The problem: Transcribe the entries below exactly; leave every image out.

Short text fragments from websites:
--*--

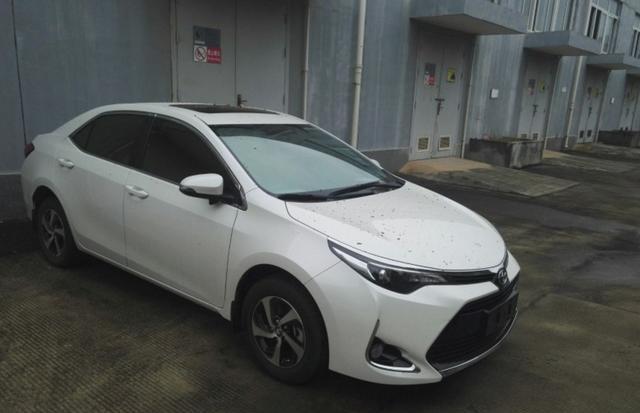 丰田雷凌提回家, 一个月行驶1500公里现在有点受不了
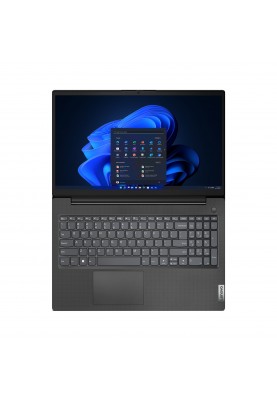 Lenovo Ноутбук V15-G4 15.6" FHD IPS AG, AMD R5-7520U, 16GB, F512GB, UMA, Win11P, чорний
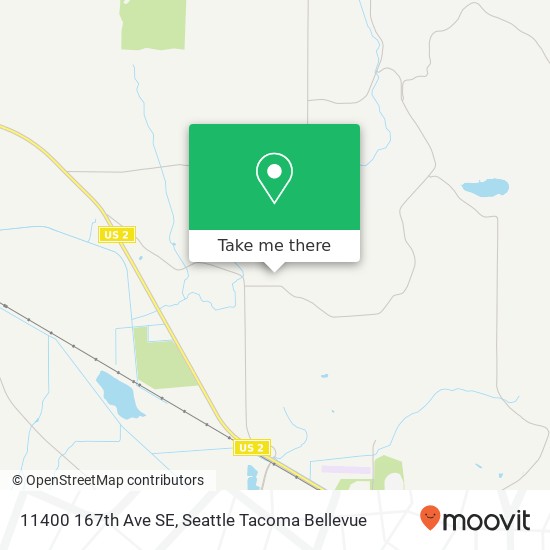 Mapa de 11400 167th Ave SE, Snohomish, WA 98290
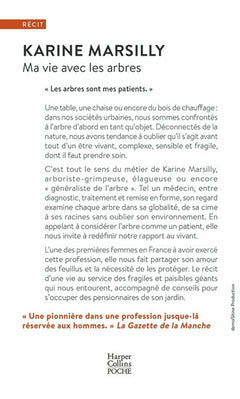 Ma vie avec les arbres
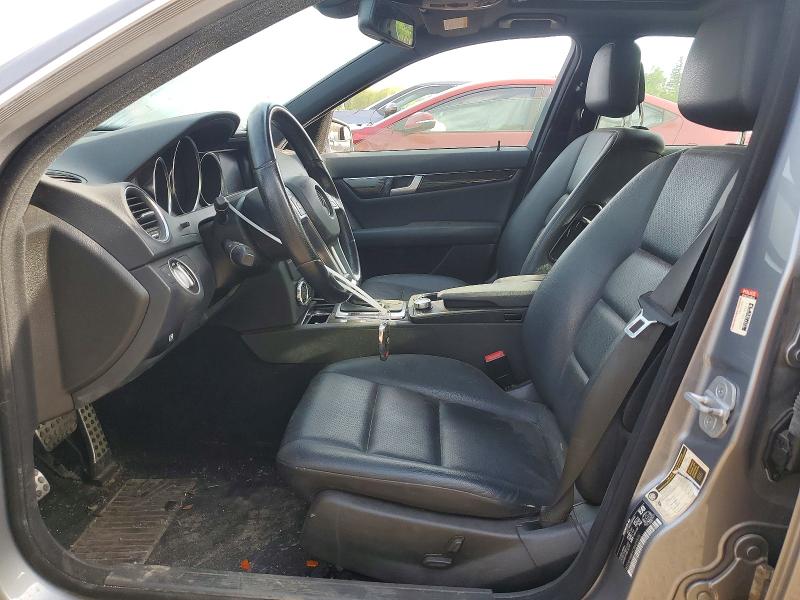 Aukcja sprzedaży 2012 Mercedes-benz C, vin: WDDGF8BB9CA625575, numer aukcji: 55556566
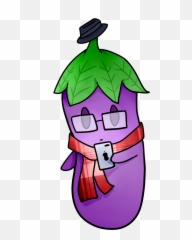 Eggplant clipart petchay Transparent FREE - Clip Art Emoji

--*--

Your response:
 丰田雷凌提回家, 一个月行驶1500公里现在有点受不了
 Lenovo Ноутбук V15-G4 15.6" FHD IPS AG, AMD R5-7520U, 16GB, F512GB, UMA, Win11P, чорний
 Mapa de 11400 167th Ave SE, Snohomish, WA 98290
 Ma vie avec les arbres
 Aukcja sprzedaży 2012 Mercedes-benz C, vin: WDDGF8BB9CA625575, numer aukcji: 55556566
 Eggplant clipart petchay Transparent FREE - Clip Art Emoji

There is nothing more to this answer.